[Collected data]
::::::::

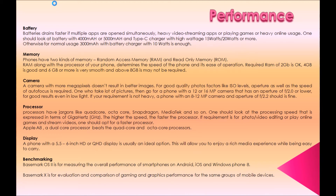Fifth, display. A phone with a 5.5 to 6-inch HD or QHD display is usually an ideal option, allowing you to enjoy a rich media experience while being easy to carry. Sixth, benchmarking. Basemark OS 2 is for measuring the overall performance of smartphones on Android, iOS, and Windows Phone 8. Basemark X is for evaluation and comparison of gaming and graphics performance for the same groups of mobile devices.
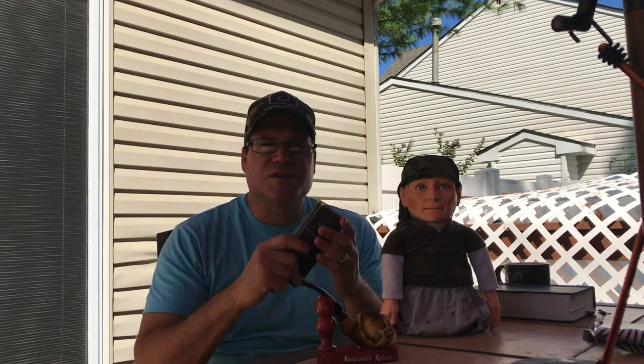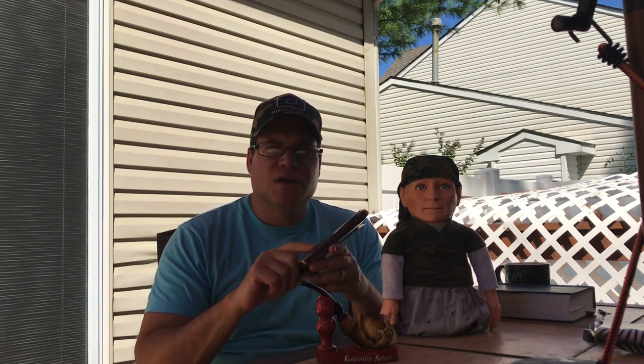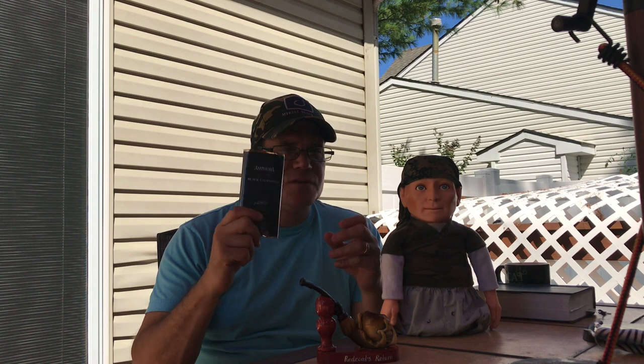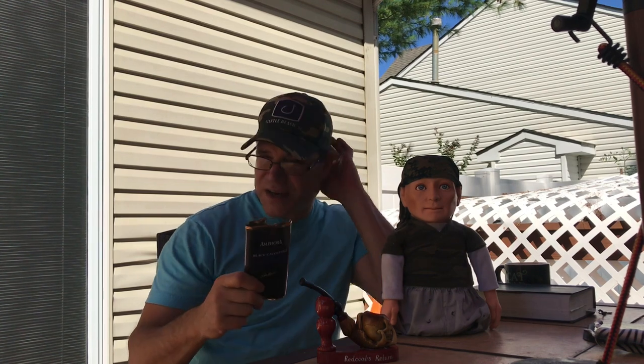I picked this up because Pipes and Cigars is running a sale through the end of September on pouch tobacco. The M4 was on sale, so I picked up a Virginia and this. I also picked up another tin of Peterson Sherlock Holmes. This seems like a marquee edition — more special than their regular M4 go-to blends. The packaging is a gold wrapper, all fancy with cursive, so it was hard to read.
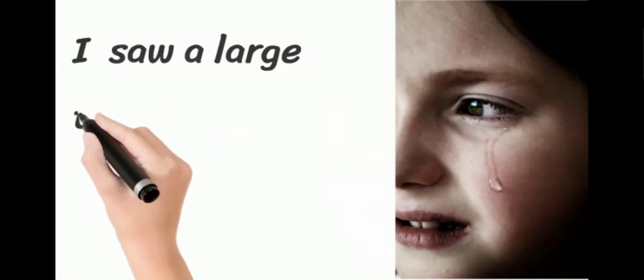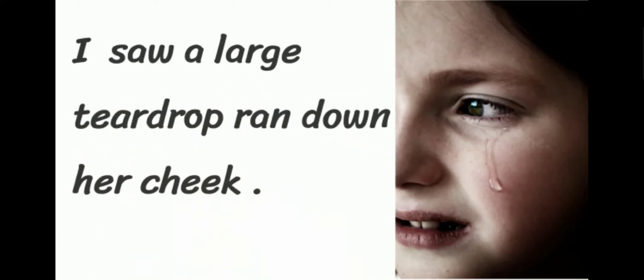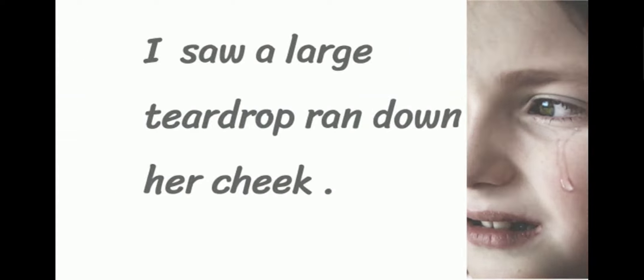And then we have an example. The example is: I saw a large teardrop ran down her cheek.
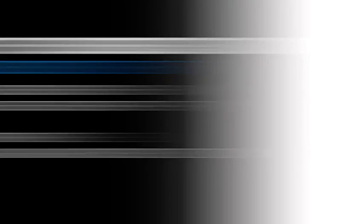That's all for PAXX TV. Join us again next time for all the latest news on the passenger experience.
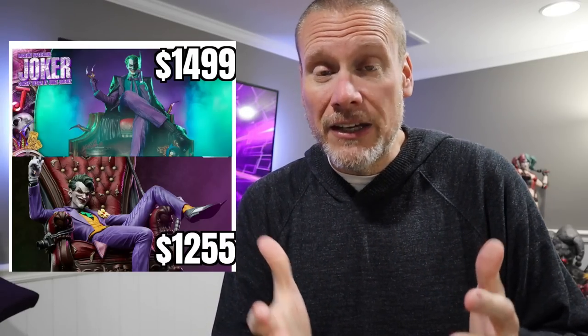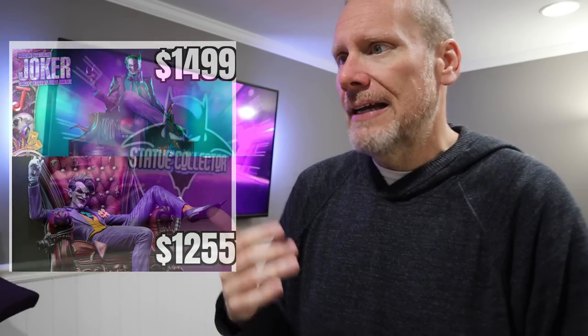Some of you are saying that is a quarter scale price, but we're usually paying that kind of price for third scale. Third scales continue to go up in price. XM has been doing this price point for quite some time and established themselves at that price point. Prime One has crept up over the years. This Joker piece retails for $1,500. If you order the punchline — which I have — you can enter a code and get $100 off the price of the Joker, putting Joker now at $1,400 instead of $1,500, plus shipping.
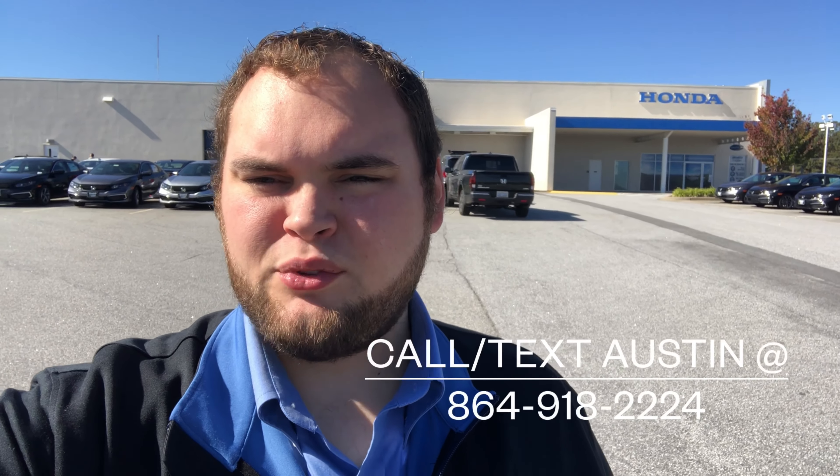Good morning Ivy, this is Austin at Hendrick Honda Easley. I just wanted to take a quick second to reach out and introduce myself until we get a chance to meet in person. I know you spoke with my sales manager Matt earlier, and we're looking forward to getting you out here to check out the HR-V and go over all the features firsthand and putting together a great deal for you.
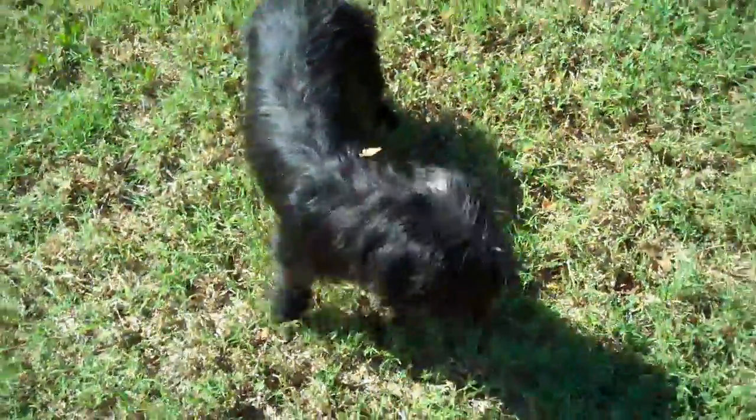Pretty soon we'll be doing some training videos and get some pictures of him out doing his thing. But just wanted to show you Maximus.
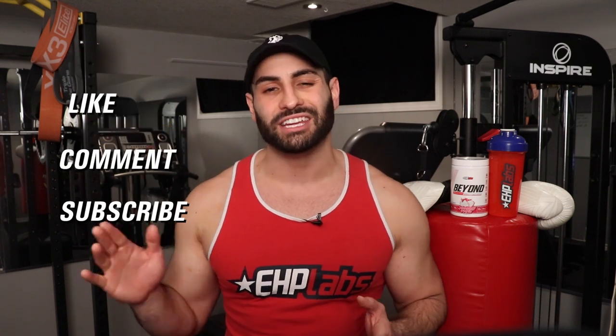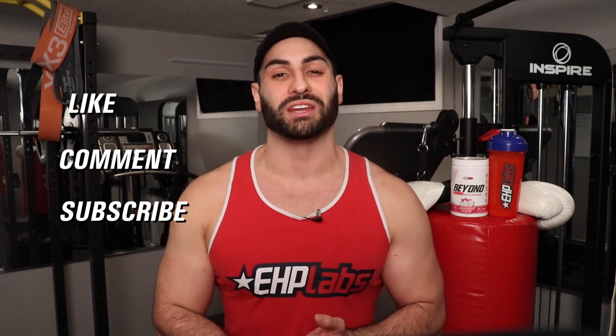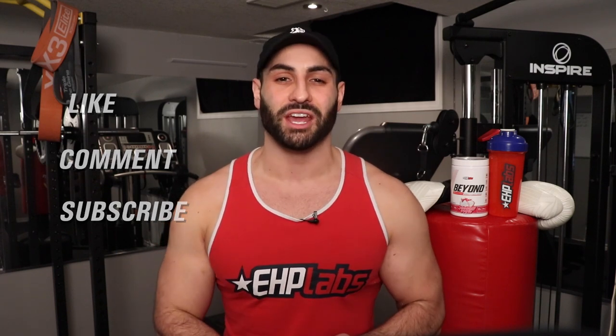And that concludes today's video. Thank you so much for watching. Make sure to go and grab yourself a tub of EHP Labs' Beyond BCAA and EAAs — they've just released a new flavor, Lemon Sherbet Drop, so give it a try. Don't forget to like this video, comment what you want to see next, and subscribe to the EHP Labs channel so you never miss more videos like this. See you guys in the next video.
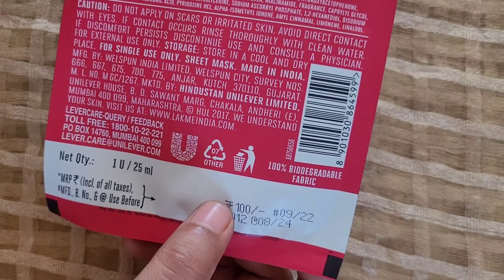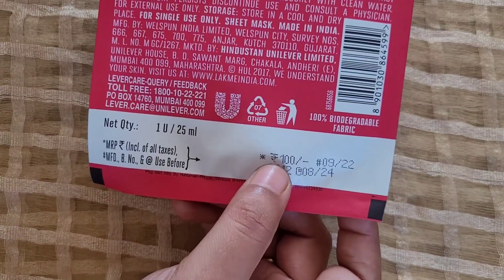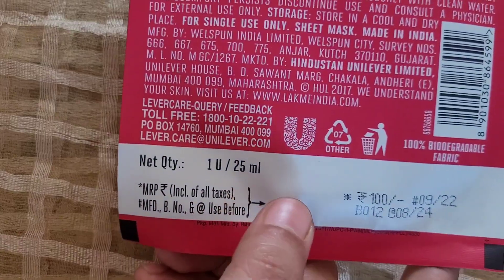This product also has a shelf life. The MRP value is Rs. 100, but I have been using D-Mart, where it was Rs. 60. The net quantity is 25ml.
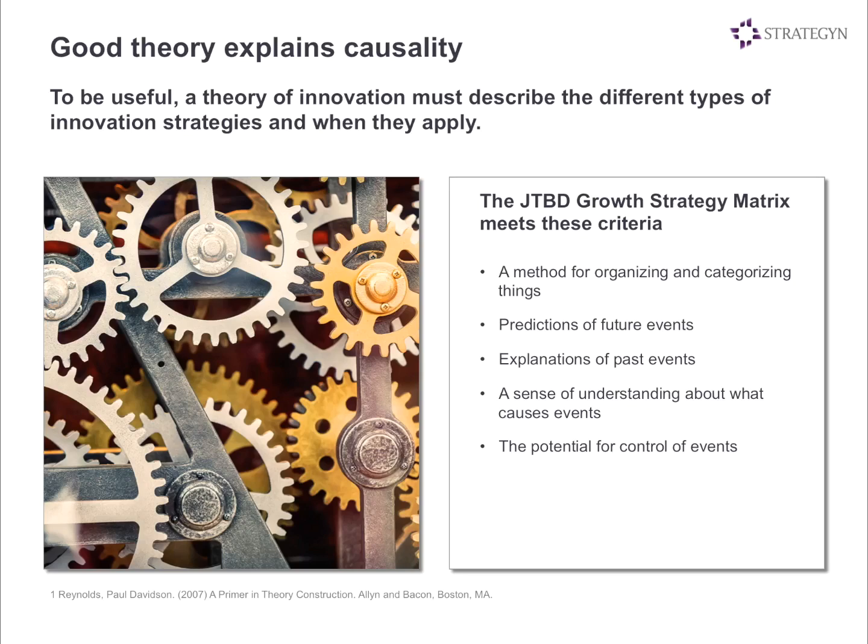Is this a good theory? We think it is. We evaluated it against this set of criteria: Does it help us organize and categorize things? Does it help us predict future events, explain past events? Does it give us a sense of understanding of what causes these events and can we control them? We think the answer is yes, but we'd like you to be the judge and to think about the framework and use it in the weeks and months to come.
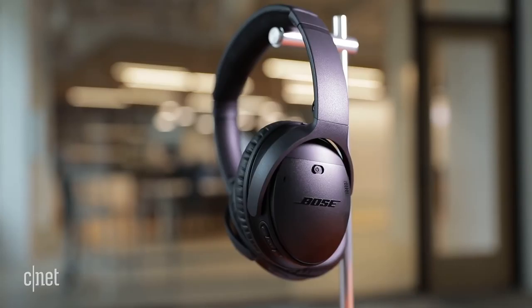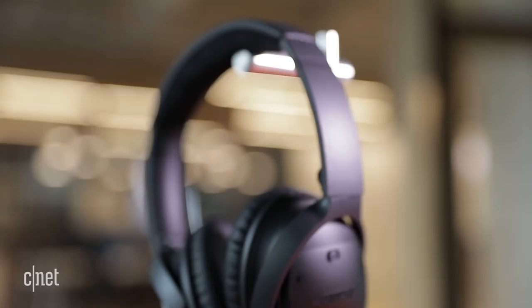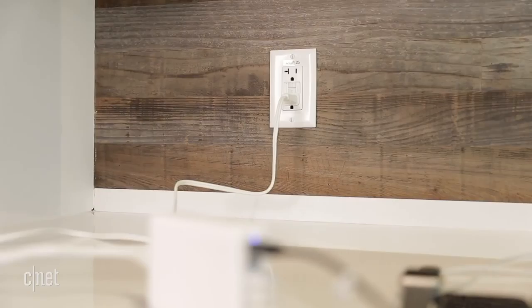The Bose QuietComfort 35-2 headphones will be your best friend during flights. They have incredible sound quality and they're extremely comfortable, so you get the full in-flight movie experience. Most importantly, they're noise-canceling and can drown out just about any noise.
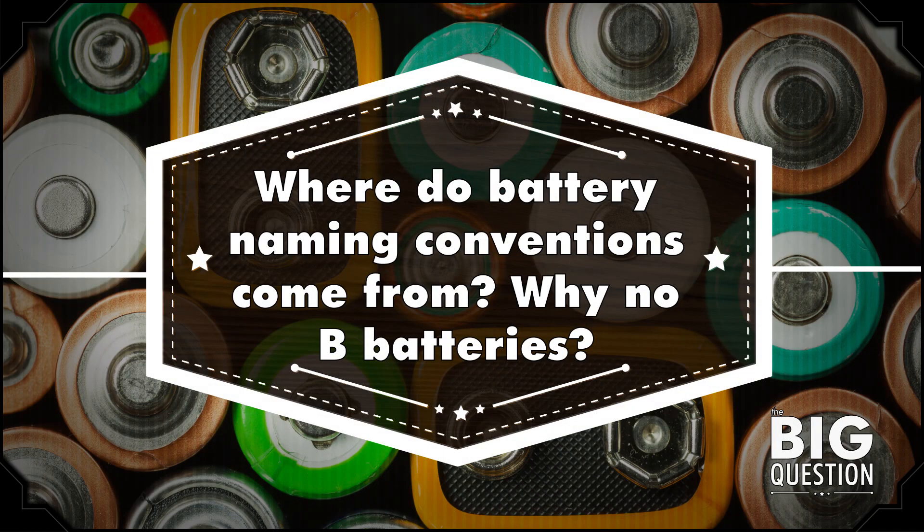Hi, I'm Craig. I swallow two AAA batteries every morning to charge myself, and this is Mental Floss Video. Today I'm going to answer Spadiral's big question: where do the naming conventions for batteries come from? AAA, AA, D, etc., and why no B batteries? Let's get started.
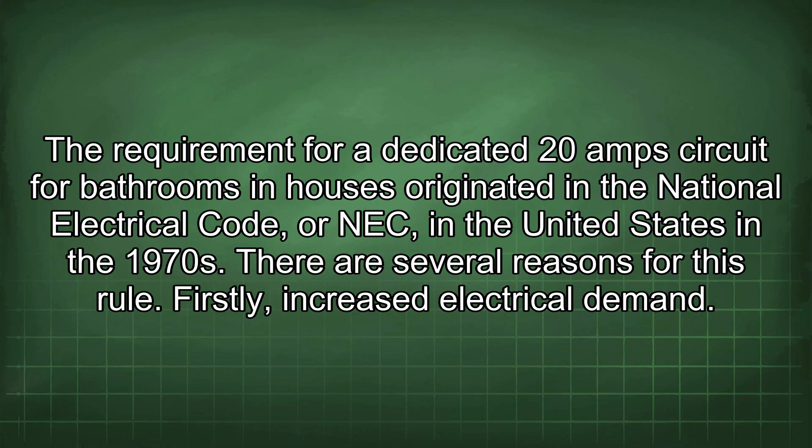The requirement for a dedicated 20-amp circuit for bathrooms in houses originated in the National Electrical Code (NEC) in the United States in the 1970s.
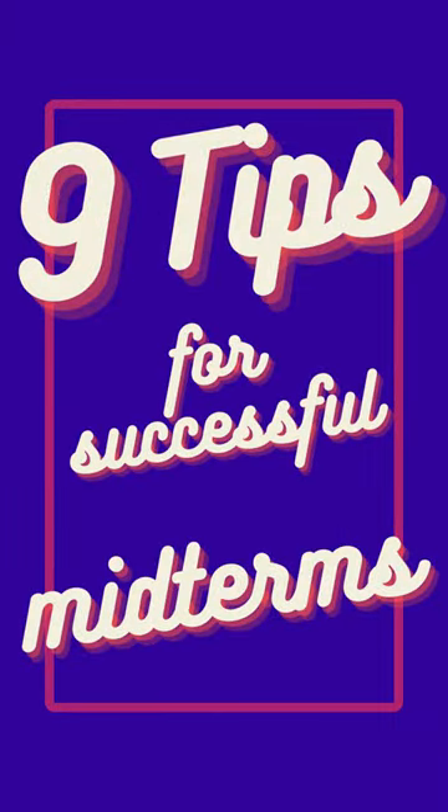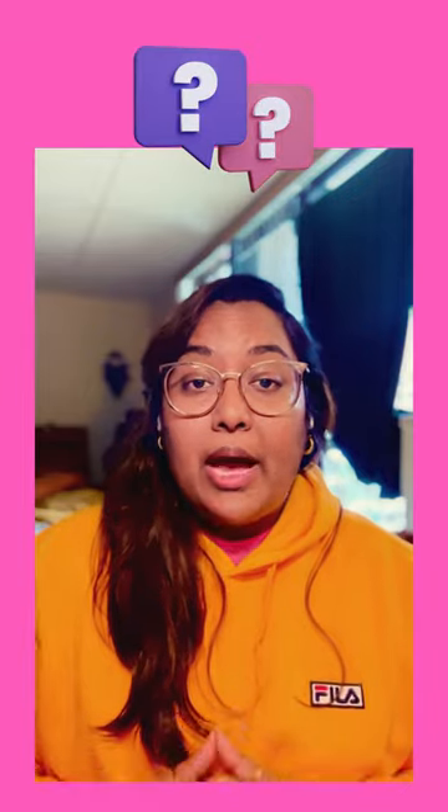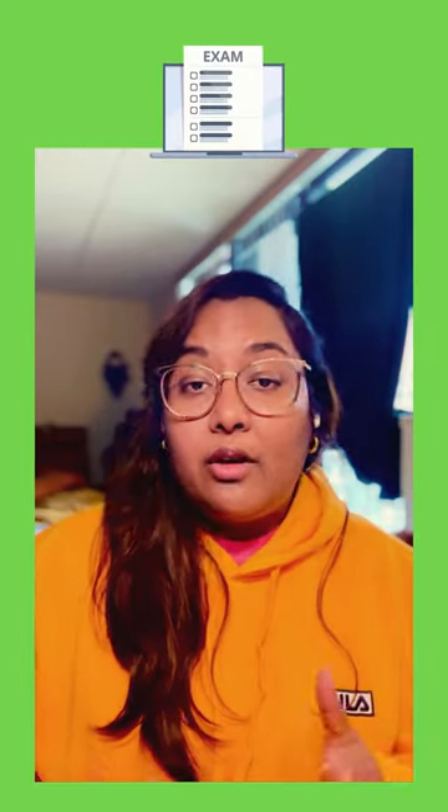Here are nine tips for a successful midterm. Planning: check your syllabus, get your materials, and send any questions you have to your professor via email or whatever mode of communication they prefer. Put your classes on your calendar and add the dates for your midterms so you're not caught off guard.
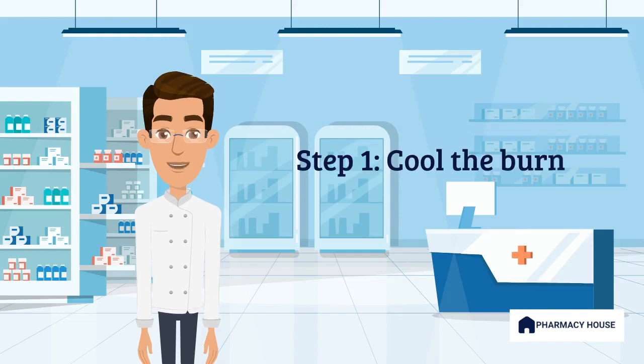Step 1: Immediately run the burn under cool running water for 20 minutes. Do not use ice, iced water, or any creams or oils.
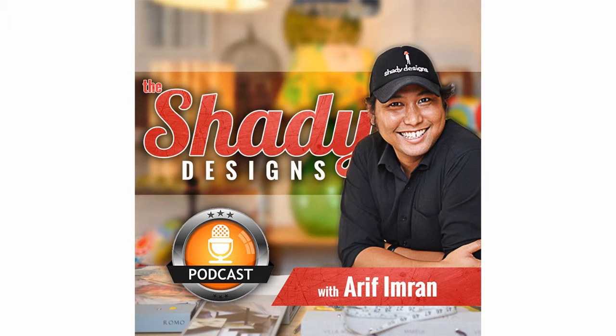You're listening to the Shady Designs Podcast, the show where you'll discover all the inside tips and stories behind Australia's favourite artists, designers and experts. Now here's your host, Arif Imran.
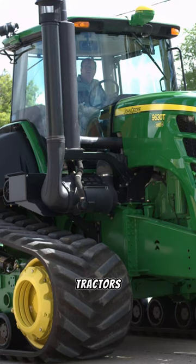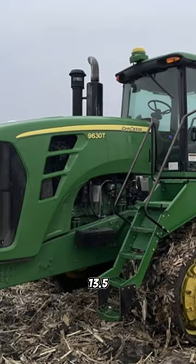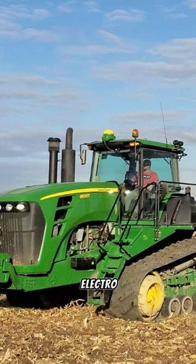Day 42 of 100 Days of 100 Tractors unveils the John Deere 9630T. This crawler tractor, born in Waterloo, Iowa, boasts a formidable 530 horsepower from its 13.5-liter 6-cylinder diesel engine. With an 18-speed full power shift transmission and electro-hydraulic power steering, it's a force in the fields.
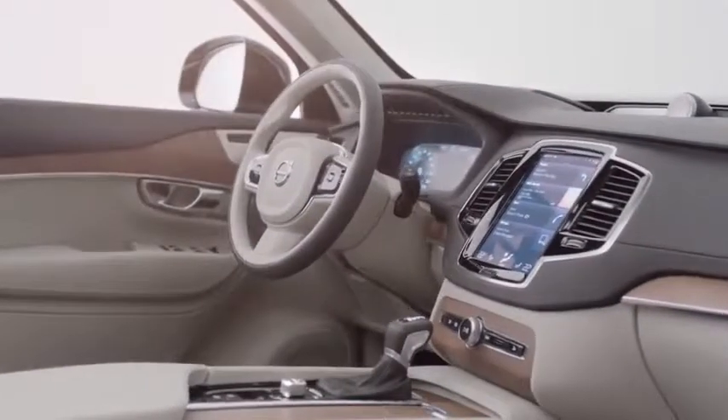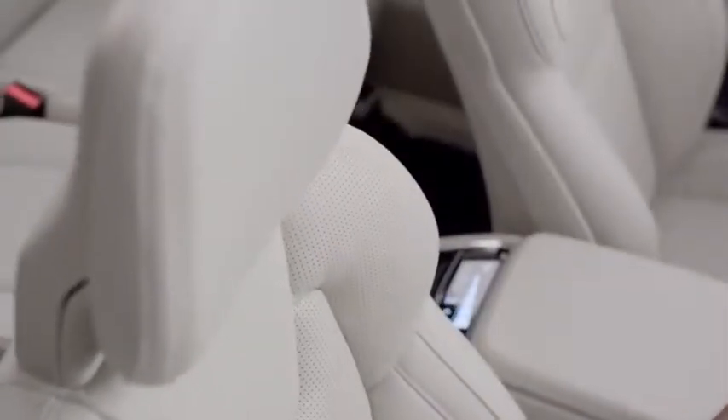It's important to protect all occupants in the car, so of course we have pre-tensioners in all seats, even the third row.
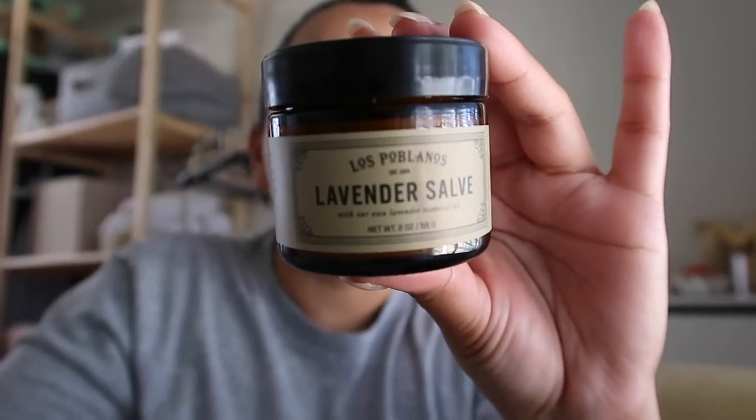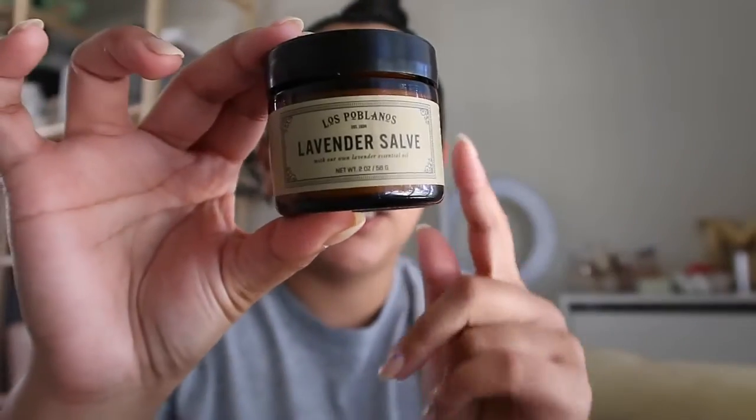I want to show you guys one thing I have here — I'm probably going to put it on my hand right now. I went to Via Bien — I'll put the name on screen — and it's one of those stores they have permanently at the Silos. This is from Los Poblanos, established in 1934. It's a lavender salve. This is what it looks like; this is their size small, which I thought was pretty decent.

::::::::

» Problem statement
Copy word for word the lines of the records above from the one with "Pretty soon we'll" up to and including the one with "And that concludes". Skip the pictures.

» Exercise response
Pretty soon we'll be doing some training videos and get some pictures of him out doing his thing. But just wanted to show you Maximus.
And that concludes today's video. Thank you so much for watching. Make sure to go and grab yourself a tub of EHP Labs' Beyond BCAA and EAAs — they've just released a new flavor, Lemon Sherbet Drop, so give it a try. Don't forget to like this video, comment what you want to see next, and subscribe to the EHP Labs channel so you never miss more videos like this. See you guys in the next video.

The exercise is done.